Jacobin Magazine: When Humanitarianism Became Imperialism

The legacy of opposition to the Vietnam War combined with the lack of revolutionary progress in the West produced a new kind of ethos among European leftists. Solidarity with suffering people targeted by state repression, whether in right-wing Nigeria during the Biafran War or in newly communist Vietnam during the “Boat People” crisis, came to take precedence over grudging support for either Soviet or Chinese-aligned governments. This was the moment that gave birth to Doctors Without Borders in France and the Swedish Committee for Afghanistan in Sweden.

Both groups opposed Soviet intervention as imperialist and, eventually, supported the Islamist insurgency as a genuine expression of the popular will. Their powerful lobbying in their home countries and the United Nations meshed neatly with US foreign policy priorities, expressed most concisely in Carter national security adviser Zbygnew Brzezinski’s words, “we now have the opportunity of giving to the USSR its Vietnam War.” But the NGOs also helped the mujahidin directly, providing them with industrial equipment and embedding with them to spread their message to sympathetic Western audiences. [...]

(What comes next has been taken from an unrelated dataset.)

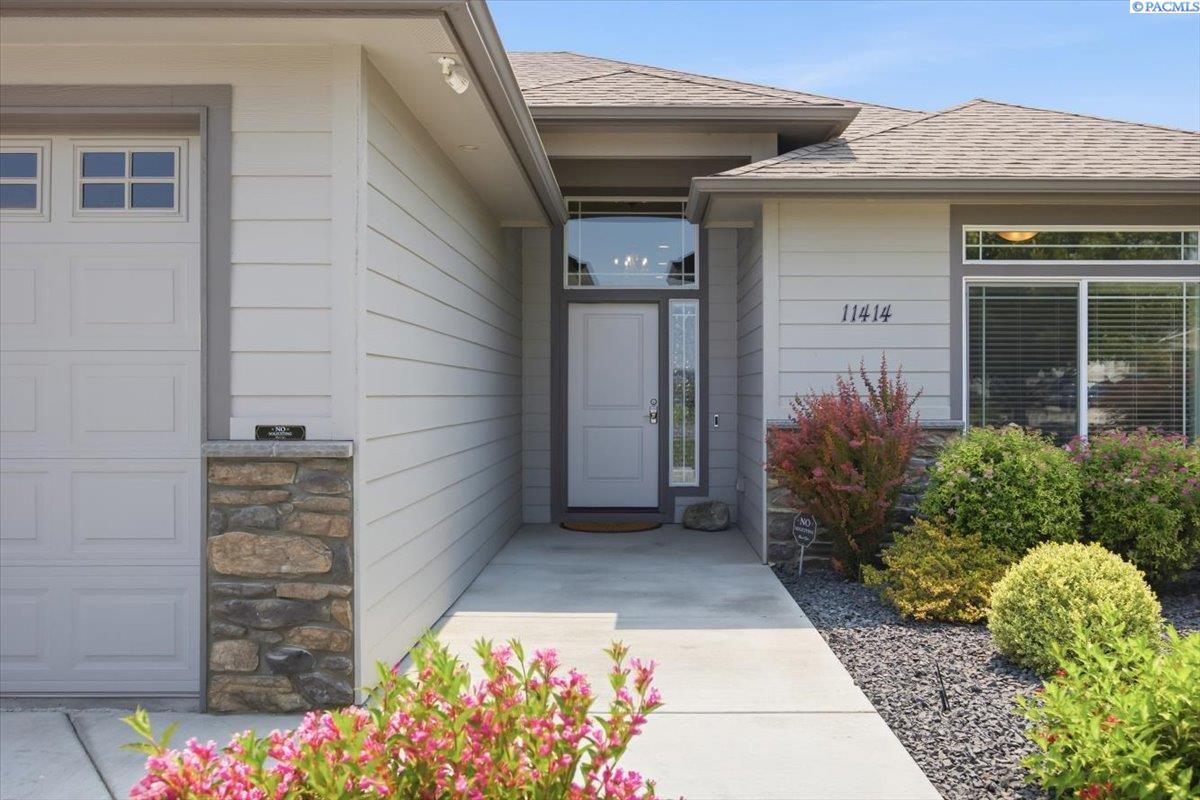 11414 Easton Dr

Though the extreme version of the argument  — that we must support any regime that resists US imperialism, no matter how authoritarian, or, increasingly, neoliberal — is uncommon, we are routinely asked to stand in solidarity with Assad and Yanukovych. This echoes all the perversities of the Soviet stance: the defense of sovereignty is held to justify territorial annexation, partition by proxy forces, and the mass killing of civilians.